Exercise 24: Physical Design Review Checklist
You have inherited a database with the following issues. For each, identify the problem and propose a solution:
(a) All 200 tables in a single segmented tablespace on z/OS. (b) A 500 GB table with no partitioning, PCTFREE 20, but it is insert-only and never updated. (c) Every tablespace uses 32 KB pages, including tables with 50-byte rows. (d) Compression is disabled on all tables "because it uses too much CPU." (e) The temporary tablespace is 500 MB, but the largest batch sort processes 80 million rows. (f) LOB data (average 100 bytes) is stored in a separate LOB tablespace with no inline LOBs. (g) No storage growth monitoring is in place; the DBA adds space "when users complain."
Exercise 25: Meridian Bank Physical Design Extension
Extend the Meridian Bank physical design from Section 14.11 to include a new regulatory requirement: the bank must now store a complete audit trail of every data modification.

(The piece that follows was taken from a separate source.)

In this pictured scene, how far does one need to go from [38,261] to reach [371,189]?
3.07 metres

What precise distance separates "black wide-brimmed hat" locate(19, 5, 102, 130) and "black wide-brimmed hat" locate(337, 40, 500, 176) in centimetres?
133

Design the AUDIT_TRAIL table: - Must capture: table name, column name, old value, new value, user ID, timestamp, transaction ID - Expected volume: 50 million audit rows per day - Retention: 10 years - Most queries filter by table name and date range - Must not impact OLTP performance
(a) Design the table structure (columns and data types). (b) Choose the tablespace type and partitioning strategy. (c) Calculate storage for Year 1 and Year 10. (d) Design the compression strategy. (e) Recommend the buffer pool assignment. (f) Write the complete DDL (table, tablespace, partitioning).
Answer Key Notes
Exercises 1-8 have definitive numerical answers. Exercises 9-18 have recommended approaches with justifications. Exercises 19-25 are open-ended design problems; evaluate based on the quality of reasoning, not a single correct answer. Key evaluation criteria: (1) all relevant factors considered, (2) decisions documented with rationale, (3) calculations shown with correct arithmetic, (4) trade-offs acknowledged.